Hilton Houston Post Oak by the Galleria seeks Ch. 11 bankruptcy protection – Houston Business Journal – Houston Business Journal

One of Houston’s largest hotels, which is located in the Galleria area, is seeking bankruptcy protection in the wake of the pandemic.
Hilton Houston Post Oak by the Galleria filed for Chapter 11 bankruptcy protection on Aug. 31, citing estimated liabilities between $50 million and $100 million.
The hotel at 2001 Post Oak Blvd. said in the bankruptcy filing that it has between 50 and 99 creditors and assets between $50 million and $100 million.
Hilton Houston Post Oak by the Galleria is owned by a subsidiary of Palm Beach, Florida-based Ecclestone Organization Inc. Company President E. Llwyd Ecclestone Jr. signed the bankruptcy filing, which was filed in the U.S. Bankruptcy Court for the Southern District of Florida.
The hotel was represented by attorneys from Miami-based León Cosgrove and Wilmington, Delaware-based Morris, Nichols, Arsht & Tunnell.
Representatives of the Hilton Houston Post Oak by the Galleria did not respond to requests for comment.
Hilton Houston Post Oak by the Galleria was once known as Doubletree Hotel on Post Oak. However, the hotel changed its name, and branding, in 2004 while it was undergoing a $13 million renovation.
The hotel is among the largest in Houston, ranking No. 18 on the Houston Business Journal’s 2021 List. According to Houston Business Journal research, the 448-key hotel reported total room receipts of $5.48 million between January and October 2020. That was significantly lower than the $13 million the hotel reported during the same period of 2019.
Although the hotel’s bankruptcy filing did not state why revenue had taken such a dramatic downturn, many hotels across the country — including in Houston — have seen their finances slide into freefall in the wake of the pandemic. Travel bans and social distancing mandates all but froze business and leisure travel for over a year, leaving many hotel companies scrambling to find new revenue streams.
Data from Oxford Economics and the American Hotel & Lodging Association predicts that the U.S. will lose nearly 486,000 direct hotel industry jobs by the end of 2021, the San Antonio Business Journal reported in August. Only five states — California, Nevada, Florida, New York and Illinois — are expected to suffer bigger losses than Texas. The Lone Star State had more than 151,400 hotel industry jobs in 2019. That total is now closer to 130,000 — and more losses are expected by the end of the year.

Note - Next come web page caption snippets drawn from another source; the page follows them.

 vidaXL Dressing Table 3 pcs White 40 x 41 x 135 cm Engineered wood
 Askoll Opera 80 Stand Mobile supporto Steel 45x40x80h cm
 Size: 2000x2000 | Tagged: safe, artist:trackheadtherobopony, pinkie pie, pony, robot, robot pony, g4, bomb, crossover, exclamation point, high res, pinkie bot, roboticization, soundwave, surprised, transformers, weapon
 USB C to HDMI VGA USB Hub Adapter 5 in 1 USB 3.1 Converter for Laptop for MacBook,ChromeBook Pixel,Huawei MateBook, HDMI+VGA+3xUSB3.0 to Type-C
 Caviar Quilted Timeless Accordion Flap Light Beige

However, as vaccines against Covid-19 became more accessible, travel began to pick back up, casting a much-needed lifeline to the beleaguered hospitality industry.

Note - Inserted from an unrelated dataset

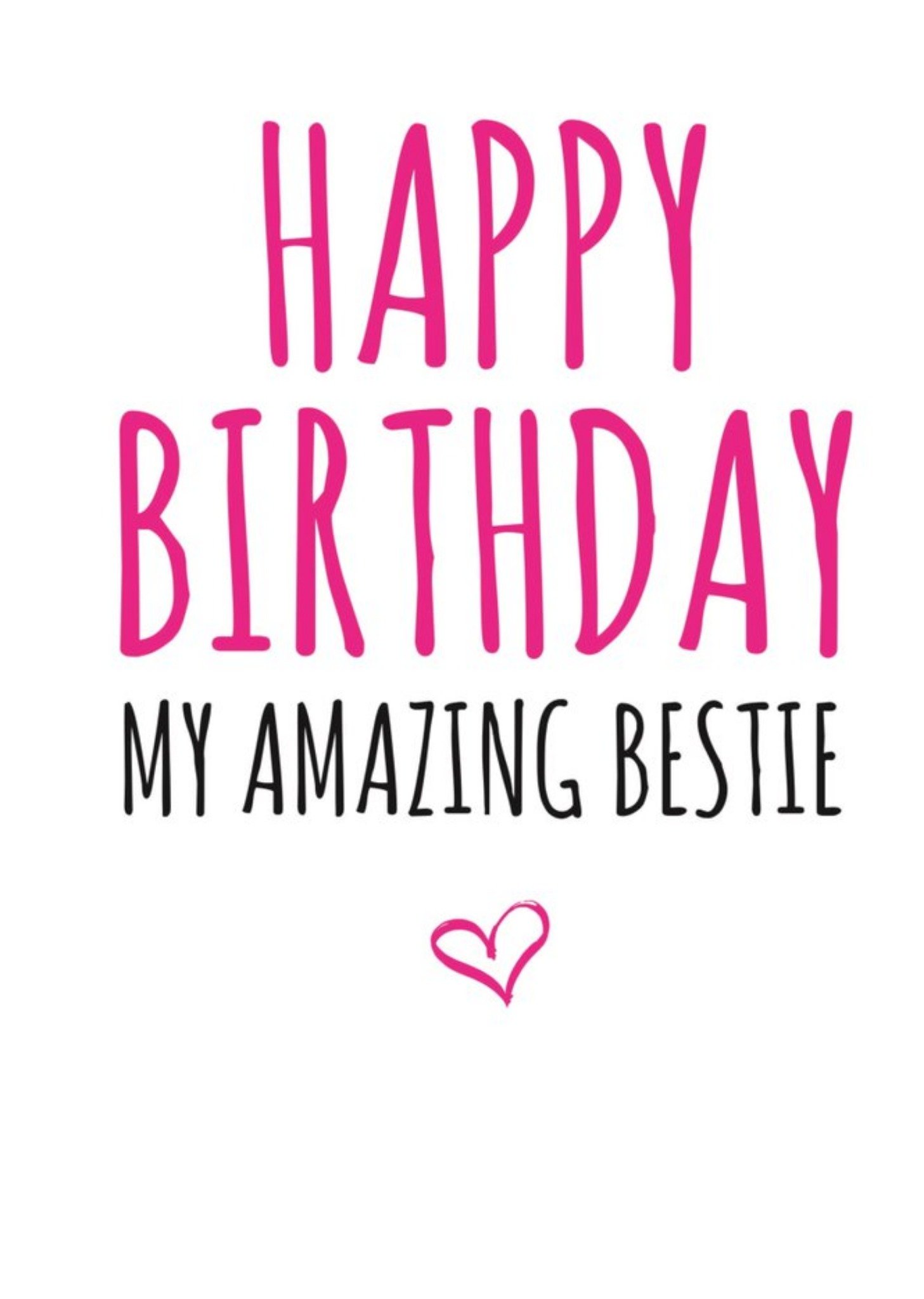 Banter King Typographical Happy Birthday My Amazing Bestie Card Ecard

In May, for example, The Howard Hughes Corp. (NYSE: HHC) reported two of its hotels in The Woodlands saw higher occupancy rates than in the previous quarter.
Jim Carman, president of the Houston region for Howard Hughes, said at the time that leisure-traveler demand for hotel rooms started to recover from the Covid-19 coronavirus pandemic last summer and has continued to increase throughout the spring.
“In addition, business travel is beginning to return, although far below 2019 peak numbers,” Carman said at the time.
A recent report by San Antonio-based hotel consulting firm Source Strategies found that after more than a year of unprecedented revenue losses in the Texas hospitality industry, lodging demand spiked sharply in the second quarter across the state. Industry revenue statewide increased 163% compared to second quarter 2020, which was the lowest point of the pandemic-induced crisis. The Q2 2021 revenue of $3.1 billion was just 5% lower than the same period in 2019, Source Strategies said.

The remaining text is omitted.